Required work: Check every line of the entries below for "Graphic", and copy the lines that have it.

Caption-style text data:
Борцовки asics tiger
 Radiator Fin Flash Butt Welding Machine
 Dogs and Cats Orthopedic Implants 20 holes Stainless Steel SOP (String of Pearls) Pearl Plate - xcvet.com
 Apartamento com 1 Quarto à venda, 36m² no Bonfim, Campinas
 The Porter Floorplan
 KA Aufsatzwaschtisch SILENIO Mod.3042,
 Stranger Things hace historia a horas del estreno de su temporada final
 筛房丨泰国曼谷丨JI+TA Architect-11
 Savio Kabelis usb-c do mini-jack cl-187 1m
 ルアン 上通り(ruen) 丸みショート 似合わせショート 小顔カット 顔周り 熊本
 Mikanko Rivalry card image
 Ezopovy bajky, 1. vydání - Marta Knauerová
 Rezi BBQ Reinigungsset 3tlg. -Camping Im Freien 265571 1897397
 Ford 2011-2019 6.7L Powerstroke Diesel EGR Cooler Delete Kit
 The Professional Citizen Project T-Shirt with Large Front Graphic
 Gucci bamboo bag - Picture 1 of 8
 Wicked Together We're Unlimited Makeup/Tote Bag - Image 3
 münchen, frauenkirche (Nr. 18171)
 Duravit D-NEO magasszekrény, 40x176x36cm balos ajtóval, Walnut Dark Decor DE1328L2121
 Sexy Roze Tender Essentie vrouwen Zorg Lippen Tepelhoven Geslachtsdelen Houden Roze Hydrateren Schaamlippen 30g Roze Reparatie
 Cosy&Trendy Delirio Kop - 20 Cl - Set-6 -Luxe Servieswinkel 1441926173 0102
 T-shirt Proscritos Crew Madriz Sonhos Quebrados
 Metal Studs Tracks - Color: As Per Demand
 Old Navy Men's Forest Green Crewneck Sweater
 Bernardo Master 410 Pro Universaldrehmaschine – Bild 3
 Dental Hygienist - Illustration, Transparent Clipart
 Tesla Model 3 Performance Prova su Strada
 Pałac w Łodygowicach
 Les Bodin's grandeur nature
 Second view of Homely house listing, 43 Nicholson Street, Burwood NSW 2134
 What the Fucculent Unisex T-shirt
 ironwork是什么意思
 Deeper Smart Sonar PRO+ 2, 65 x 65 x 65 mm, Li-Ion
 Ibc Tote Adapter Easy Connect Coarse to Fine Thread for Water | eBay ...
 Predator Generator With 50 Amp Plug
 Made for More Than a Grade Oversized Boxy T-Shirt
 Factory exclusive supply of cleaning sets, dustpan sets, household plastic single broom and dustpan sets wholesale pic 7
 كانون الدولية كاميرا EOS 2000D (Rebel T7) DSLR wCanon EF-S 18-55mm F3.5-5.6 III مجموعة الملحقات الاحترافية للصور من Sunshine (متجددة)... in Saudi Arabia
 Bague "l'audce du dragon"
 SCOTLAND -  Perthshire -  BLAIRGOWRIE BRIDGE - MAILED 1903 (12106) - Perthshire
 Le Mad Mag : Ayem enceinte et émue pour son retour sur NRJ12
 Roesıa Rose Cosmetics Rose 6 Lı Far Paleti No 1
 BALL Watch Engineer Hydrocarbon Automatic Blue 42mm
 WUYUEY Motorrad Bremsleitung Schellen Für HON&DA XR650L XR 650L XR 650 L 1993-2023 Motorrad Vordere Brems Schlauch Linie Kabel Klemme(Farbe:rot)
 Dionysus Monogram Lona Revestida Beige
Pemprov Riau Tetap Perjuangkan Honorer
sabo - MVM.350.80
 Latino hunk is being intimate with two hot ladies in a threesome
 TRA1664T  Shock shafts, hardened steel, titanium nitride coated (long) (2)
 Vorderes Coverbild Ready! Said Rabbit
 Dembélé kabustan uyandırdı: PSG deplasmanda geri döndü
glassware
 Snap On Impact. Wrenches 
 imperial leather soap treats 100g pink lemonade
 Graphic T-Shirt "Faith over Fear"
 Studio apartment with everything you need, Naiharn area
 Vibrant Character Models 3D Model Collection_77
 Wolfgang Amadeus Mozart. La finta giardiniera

Response to the exercise:
 The Professional Citizen Project T-Shirt with Large Front Graphic
 Graphic T-Shirt "Faith over Fear"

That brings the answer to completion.